Logan was amazing, and we’re super stoked for James Mangold’s next project: A gritty cop drama titled The Force.

The final Wolverine movie Logan has been out for a while, and spoiler alert, it’s amazing.

Related: How Logan redeemed Wolverine for Logan-haters

Director James Mangold created a gritty, ‘real’ superhero movie that will probably go down as one of the most successful of its kind, and we can’t wait to see what he does next.

Via Collider, we’ve learned that Mangold is now in talks for another similarly gritty project, but this time it will be of the cop drama variety.

The Force is an adaptation of the Don Winslow novel of the same name and follows a corrupt NYPD cop who gets caught in a web of lies. Stephen King has called it “The Godfather, only with cops,” which sounds very promising!

Here’s the synopsis of Don Winslow’s The Force, which releases June 20:

All Denny Malone wants is to be a good cop.

He is “the King of Manhattan North,” a, highly decorated NYPD detective sergeant and the real leader of “Da Force.” Malone and his crew are the smartest, the toughest, the quickest, the bravest, and the baddest, an elite special unit given unrestricted authority to wage war on gangs, drugs and guns.
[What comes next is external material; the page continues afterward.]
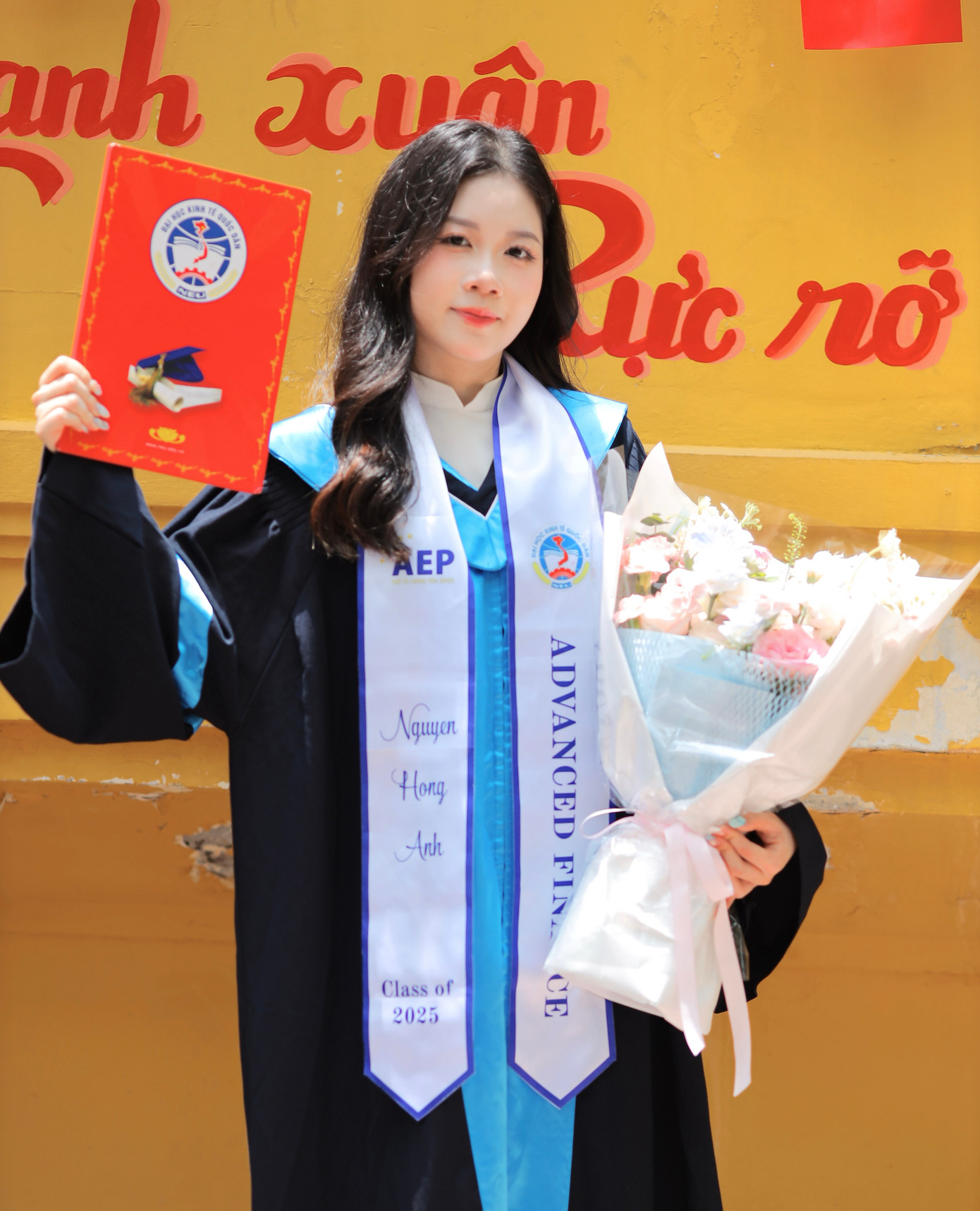 Hồng Ánh trong màu áo cử nhân, sẵn sàng chinh phục những thử thách trên chặng đường mới. Hồng Ánh trong màu áo cử nhân, sẵn sàng chinh phục những thử thách trên chặng đường mới.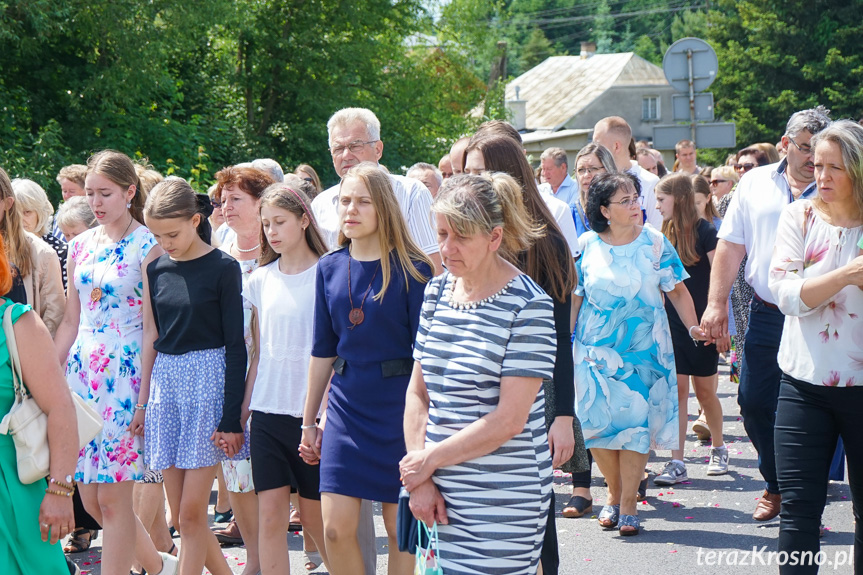 Procesja Bożego Ciała w Zręcinie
Every day and every night for the eighteen years he’s spent on the Job, Malone has served on the front lines, witnessing the hurt, the dead, the victims, the perps. He’s done whatever it takes to serve and protect in a city built by ambition and corruption, where no one is clean—including Malone himself.

What only a few know is that Denny Malone is dirty: he and his partners have stolen millions of dollars in drugs and cash in the wake of the biggest heroin bust in the city’s history. Now Malone is caught in a trap and being squeezed by the Feds, and he must walk the thin line between betraying his brothers and partners, the Job, his family, and the woman he loves, trying to survive, body and soul, while the city teeters on the brink of a racial conflagration that could destroy them all.

Based on years of research inside the NYPD, this is the great cop novel of our time and a book only Don Winslow could write: a haunting and heartbreaking story of greed and violence, inequality and race, crime and injustice, retribution and redemption that reveals the seemingly insurmountable tensions between the police and the diverse citizens they serve. A searing portrait of a city and a courageous, heroic, and deeply flawed man who stands at the edge of its abyss, The Force is a masterpiece of urban living full of shocking and surprising twists, leavened by flashes of dark humor, a morally complex and utterly riveting dissection of modern American society and the controversial issues confronting and dividing us today.